Avaliação dinâmica de políticas públicas ao longo do ciclo orçamentário

Há um ciclo vicioso em que as finanças e as políticas públicas brasileiras estão enredadas: o planejamento inepto e protocolar feito apenas para cumprir obrigações normativas é seguido por uma execução orçamentária errática e tendente à arbitrariedade de curto prazo eleitoral, na medida em que inexiste controle qualitativo de efetiva aderência entre planejado e executado.

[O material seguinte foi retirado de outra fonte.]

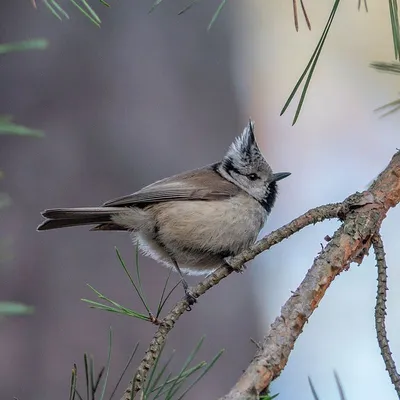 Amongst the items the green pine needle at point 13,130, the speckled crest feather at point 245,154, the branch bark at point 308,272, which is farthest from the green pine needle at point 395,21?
the speckled crest feather at point 245,154

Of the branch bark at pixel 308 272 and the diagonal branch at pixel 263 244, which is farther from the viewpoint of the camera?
the diagonal branch at pixel 263 244

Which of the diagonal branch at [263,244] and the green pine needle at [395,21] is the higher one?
the green pine needle at [395,21]

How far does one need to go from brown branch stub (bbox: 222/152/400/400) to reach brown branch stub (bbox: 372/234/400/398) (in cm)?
4

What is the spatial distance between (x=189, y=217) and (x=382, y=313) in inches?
65.4

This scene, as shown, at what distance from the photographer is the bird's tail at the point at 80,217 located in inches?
115

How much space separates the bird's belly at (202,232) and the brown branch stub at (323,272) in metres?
1.19

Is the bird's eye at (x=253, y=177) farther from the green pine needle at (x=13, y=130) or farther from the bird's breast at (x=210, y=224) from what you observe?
the green pine needle at (x=13, y=130)

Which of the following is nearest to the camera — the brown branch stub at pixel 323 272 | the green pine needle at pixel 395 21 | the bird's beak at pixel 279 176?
the brown branch stub at pixel 323 272

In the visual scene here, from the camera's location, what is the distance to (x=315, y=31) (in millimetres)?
6453

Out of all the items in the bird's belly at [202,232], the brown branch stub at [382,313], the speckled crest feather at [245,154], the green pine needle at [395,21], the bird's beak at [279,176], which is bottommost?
the brown branch stub at [382,313]

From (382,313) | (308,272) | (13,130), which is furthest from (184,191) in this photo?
(13,130)

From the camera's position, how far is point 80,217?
3.06 meters

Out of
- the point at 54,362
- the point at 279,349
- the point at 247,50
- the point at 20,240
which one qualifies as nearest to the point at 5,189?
the point at 20,240

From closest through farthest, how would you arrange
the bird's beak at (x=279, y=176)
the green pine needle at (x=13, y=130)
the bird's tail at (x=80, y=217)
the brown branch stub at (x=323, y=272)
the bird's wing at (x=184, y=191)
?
the green pine needle at (x=13, y=130) → the brown branch stub at (x=323, y=272) → the bird's tail at (x=80, y=217) → the bird's wing at (x=184, y=191) → the bird's beak at (x=279, y=176) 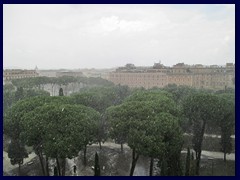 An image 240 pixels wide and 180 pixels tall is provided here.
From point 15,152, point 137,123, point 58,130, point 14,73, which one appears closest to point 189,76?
point 14,73

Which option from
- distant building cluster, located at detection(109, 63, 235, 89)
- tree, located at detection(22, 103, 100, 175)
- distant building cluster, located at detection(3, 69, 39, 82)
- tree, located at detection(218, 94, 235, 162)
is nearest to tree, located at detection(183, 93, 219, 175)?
tree, located at detection(218, 94, 235, 162)

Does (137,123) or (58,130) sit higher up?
(137,123)

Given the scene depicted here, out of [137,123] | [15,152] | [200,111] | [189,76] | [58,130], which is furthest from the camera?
[189,76]

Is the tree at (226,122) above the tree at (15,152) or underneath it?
above

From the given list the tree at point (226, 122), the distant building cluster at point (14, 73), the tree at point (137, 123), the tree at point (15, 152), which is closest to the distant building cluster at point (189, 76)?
the distant building cluster at point (14, 73)

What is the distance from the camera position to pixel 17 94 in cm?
3819

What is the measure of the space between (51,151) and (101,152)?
11.1 metres

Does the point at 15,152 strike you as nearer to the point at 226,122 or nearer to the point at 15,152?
the point at 15,152

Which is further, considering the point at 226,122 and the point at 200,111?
the point at 200,111

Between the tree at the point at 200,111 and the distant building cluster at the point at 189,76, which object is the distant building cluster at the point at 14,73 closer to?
the distant building cluster at the point at 189,76

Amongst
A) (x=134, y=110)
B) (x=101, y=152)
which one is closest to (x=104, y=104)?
(x=101, y=152)

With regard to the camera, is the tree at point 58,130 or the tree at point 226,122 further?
the tree at point 226,122

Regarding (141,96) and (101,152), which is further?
(101,152) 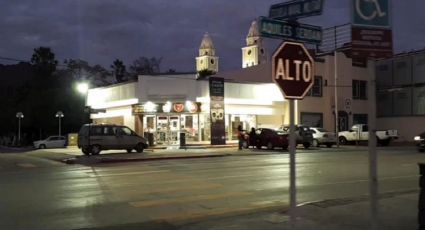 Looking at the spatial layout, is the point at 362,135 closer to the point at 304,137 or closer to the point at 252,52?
the point at 304,137

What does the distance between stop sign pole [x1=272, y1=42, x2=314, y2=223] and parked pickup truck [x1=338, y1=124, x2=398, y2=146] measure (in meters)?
40.0

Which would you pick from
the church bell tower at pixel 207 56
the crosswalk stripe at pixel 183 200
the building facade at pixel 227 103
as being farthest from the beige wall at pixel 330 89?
the church bell tower at pixel 207 56

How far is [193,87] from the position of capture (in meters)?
44.8

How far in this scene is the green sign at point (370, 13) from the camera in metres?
6.44

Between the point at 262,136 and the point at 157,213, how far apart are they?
A: 91.6 feet

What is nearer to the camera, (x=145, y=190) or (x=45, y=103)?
(x=145, y=190)

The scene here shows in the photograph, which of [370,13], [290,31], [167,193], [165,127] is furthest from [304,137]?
[370,13]

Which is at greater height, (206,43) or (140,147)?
(206,43)

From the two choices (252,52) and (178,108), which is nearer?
(178,108)

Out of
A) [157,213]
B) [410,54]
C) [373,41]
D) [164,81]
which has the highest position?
[410,54]

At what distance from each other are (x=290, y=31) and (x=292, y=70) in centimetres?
53

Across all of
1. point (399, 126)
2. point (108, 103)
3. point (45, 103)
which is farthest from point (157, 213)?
point (45, 103)

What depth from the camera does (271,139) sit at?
125 ft

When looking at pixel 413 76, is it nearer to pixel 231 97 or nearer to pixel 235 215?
pixel 231 97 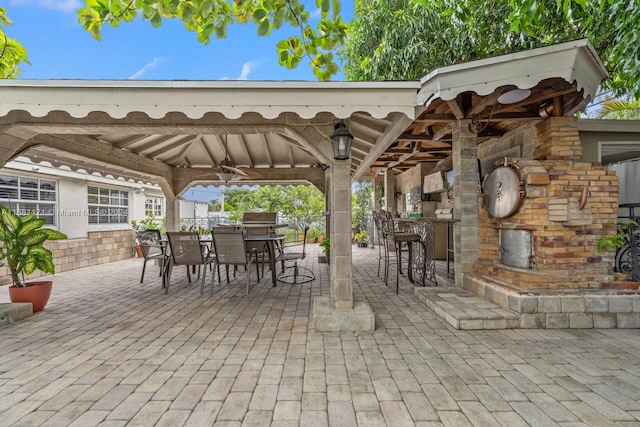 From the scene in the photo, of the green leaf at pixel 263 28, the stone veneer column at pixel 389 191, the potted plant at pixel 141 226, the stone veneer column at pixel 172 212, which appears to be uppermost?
the green leaf at pixel 263 28

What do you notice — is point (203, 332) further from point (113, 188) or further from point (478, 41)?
point (113, 188)

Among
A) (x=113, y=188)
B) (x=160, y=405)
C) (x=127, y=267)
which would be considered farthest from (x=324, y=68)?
(x=113, y=188)

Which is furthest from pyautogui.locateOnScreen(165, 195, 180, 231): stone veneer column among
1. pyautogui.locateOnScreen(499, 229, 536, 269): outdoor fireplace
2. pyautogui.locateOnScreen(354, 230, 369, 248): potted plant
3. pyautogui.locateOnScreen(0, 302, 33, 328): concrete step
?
pyautogui.locateOnScreen(499, 229, 536, 269): outdoor fireplace

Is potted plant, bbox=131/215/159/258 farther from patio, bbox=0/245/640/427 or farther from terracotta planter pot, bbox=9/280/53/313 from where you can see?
patio, bbox=0/245/640/427

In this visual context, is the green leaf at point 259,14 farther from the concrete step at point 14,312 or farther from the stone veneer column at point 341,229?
the concrete step at point 14,312

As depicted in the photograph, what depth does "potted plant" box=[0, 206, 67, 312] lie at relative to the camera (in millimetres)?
3735

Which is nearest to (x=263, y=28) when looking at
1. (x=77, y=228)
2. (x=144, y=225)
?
(x=77, y=228)

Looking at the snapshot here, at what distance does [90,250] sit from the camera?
25.8 ft

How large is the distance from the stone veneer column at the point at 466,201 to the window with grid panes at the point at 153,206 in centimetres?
1095

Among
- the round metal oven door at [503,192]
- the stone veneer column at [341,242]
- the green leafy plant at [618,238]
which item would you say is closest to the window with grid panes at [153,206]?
the stone veneer column at [341,242]

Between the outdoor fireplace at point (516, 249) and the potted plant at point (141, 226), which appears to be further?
the potted plant at point (141, 226)

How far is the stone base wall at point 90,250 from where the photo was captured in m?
6.79

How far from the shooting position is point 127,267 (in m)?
7.53

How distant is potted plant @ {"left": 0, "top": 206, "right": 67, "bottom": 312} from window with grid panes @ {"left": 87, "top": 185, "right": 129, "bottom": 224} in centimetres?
563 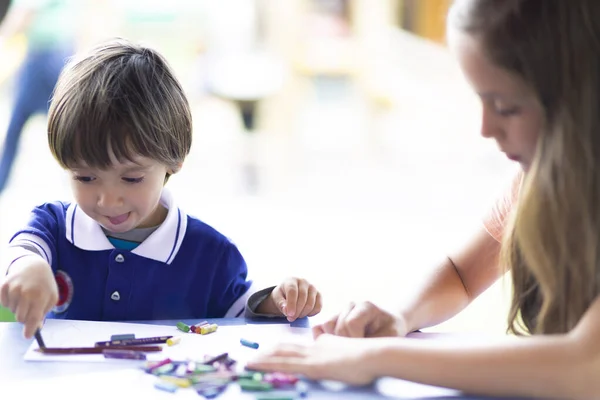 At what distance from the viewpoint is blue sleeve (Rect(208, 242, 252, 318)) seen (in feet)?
3.91

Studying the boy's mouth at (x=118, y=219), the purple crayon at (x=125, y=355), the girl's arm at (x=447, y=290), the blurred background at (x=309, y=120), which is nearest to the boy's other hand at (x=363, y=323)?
the girl's arm at (x=447, y=290)

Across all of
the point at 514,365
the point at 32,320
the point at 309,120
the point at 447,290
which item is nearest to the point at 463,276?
the point at 447,290

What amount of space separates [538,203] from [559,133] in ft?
0.25

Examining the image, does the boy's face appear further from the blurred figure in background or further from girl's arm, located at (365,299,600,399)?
the blurred figure in background

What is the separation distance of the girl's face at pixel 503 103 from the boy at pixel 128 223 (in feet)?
1.13

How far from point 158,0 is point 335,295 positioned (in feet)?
7.91

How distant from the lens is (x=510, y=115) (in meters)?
0.88

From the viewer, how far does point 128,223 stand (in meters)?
1.12

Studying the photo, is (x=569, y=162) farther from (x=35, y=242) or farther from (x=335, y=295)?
(x=335, y=295)

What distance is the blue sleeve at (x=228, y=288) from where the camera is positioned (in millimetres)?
1192

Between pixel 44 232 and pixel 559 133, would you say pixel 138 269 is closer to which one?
pixel 44 232

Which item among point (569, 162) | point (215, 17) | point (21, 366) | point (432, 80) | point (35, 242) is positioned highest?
point (215, 17)

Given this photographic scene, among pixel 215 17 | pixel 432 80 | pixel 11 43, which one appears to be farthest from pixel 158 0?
pixel 432 80

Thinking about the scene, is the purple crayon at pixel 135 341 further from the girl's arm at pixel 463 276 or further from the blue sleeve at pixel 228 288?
the girl's arm at pixel 463 276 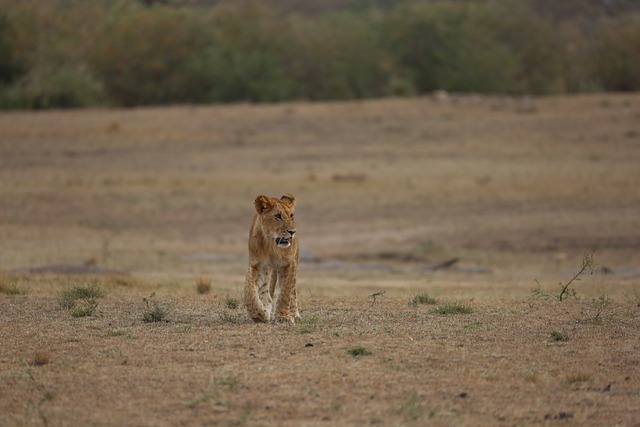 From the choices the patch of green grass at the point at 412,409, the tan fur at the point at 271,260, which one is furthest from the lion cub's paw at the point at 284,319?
the patch of green grass at the point at 412,409

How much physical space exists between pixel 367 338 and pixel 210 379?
1774 millimetres

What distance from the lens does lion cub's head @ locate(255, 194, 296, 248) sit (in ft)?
34.2

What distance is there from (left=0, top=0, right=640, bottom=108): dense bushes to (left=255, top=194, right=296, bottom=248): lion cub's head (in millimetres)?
27133

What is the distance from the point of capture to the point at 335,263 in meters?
20.8

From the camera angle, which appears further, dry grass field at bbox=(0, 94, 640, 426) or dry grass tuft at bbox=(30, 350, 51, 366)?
dry grass tuft at bbox=(30, 350, 51, 366)

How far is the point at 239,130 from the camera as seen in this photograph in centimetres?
3434

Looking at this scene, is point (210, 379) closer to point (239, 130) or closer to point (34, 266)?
point (34, 266)

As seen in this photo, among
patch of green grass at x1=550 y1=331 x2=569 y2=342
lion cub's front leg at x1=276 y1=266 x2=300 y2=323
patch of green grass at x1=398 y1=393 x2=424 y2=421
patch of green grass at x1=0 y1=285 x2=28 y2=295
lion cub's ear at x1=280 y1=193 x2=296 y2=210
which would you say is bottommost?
patch of green grass at x1=398 y1=393 x2=424 y2=421

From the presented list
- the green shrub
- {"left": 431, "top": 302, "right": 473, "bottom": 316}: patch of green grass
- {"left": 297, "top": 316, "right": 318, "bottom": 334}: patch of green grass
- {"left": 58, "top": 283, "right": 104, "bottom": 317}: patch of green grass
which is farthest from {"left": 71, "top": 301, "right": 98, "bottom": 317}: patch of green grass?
the green shrub

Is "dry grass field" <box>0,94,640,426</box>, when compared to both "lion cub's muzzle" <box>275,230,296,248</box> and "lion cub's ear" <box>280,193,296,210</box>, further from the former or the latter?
"lion cub's ear" <box>280,193,296,210</box>

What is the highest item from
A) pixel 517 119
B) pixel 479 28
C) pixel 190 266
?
pixel 479 28

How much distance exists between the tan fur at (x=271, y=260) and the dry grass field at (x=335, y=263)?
8.1 inches

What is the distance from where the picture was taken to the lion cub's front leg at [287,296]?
10.7 metres

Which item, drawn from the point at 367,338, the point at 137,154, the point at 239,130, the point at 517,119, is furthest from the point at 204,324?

Falta-nos reflexão consciente e suficiente para incorporar aprendizagem ao longo do tempo. Nossa memória coletiva revela-se deveras curta, porque falhamos em identificar os erros do passado, não os corrigimos adequadamente, donde deixamos de entender e, por isso, não conseguimos superar as circunstâncias que os ensejaram. Sem esse esforço pedagógico, estamos literalmente presos em uma engrenagem político-institucional que repete os erros do passado porque não avalia efetivamente os resultados alcançados a partir das metas estabelecidas em torno dos rumos da ação governamental. É como se o Brasil se mantivesse estagnado e sem perspectiva de futuro, porque aprisionado ao insano fluxo de reiteração dos equívocos pretéritos.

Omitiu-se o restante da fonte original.